[Start of Attachment]

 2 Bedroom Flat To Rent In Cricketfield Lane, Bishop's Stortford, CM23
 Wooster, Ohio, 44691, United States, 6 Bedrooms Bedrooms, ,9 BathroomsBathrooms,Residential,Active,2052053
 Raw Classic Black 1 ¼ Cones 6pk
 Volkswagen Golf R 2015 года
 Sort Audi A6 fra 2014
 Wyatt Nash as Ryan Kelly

[End of Attachment]

# REQUIREMENT
Keeping every word as it is, repeat all of the records.

# EXERCISE RESPONSE
 2 Bedroom Flat To Rent In Cricketfield Lane, Bishop's Stortford, CM23
 Wooster, Ohio, 44691, United States, 6 Bedrooms Bedrooms, ,9 BathroomsBathrooms,Residential,Active,2052053
 Raw Classic Black 1 ¼ Cones 6pk
 Volkswagen Golf R 2015 года
 Sort Audi A6 fra 2014
 Wyatt Nash as Ryan Kelly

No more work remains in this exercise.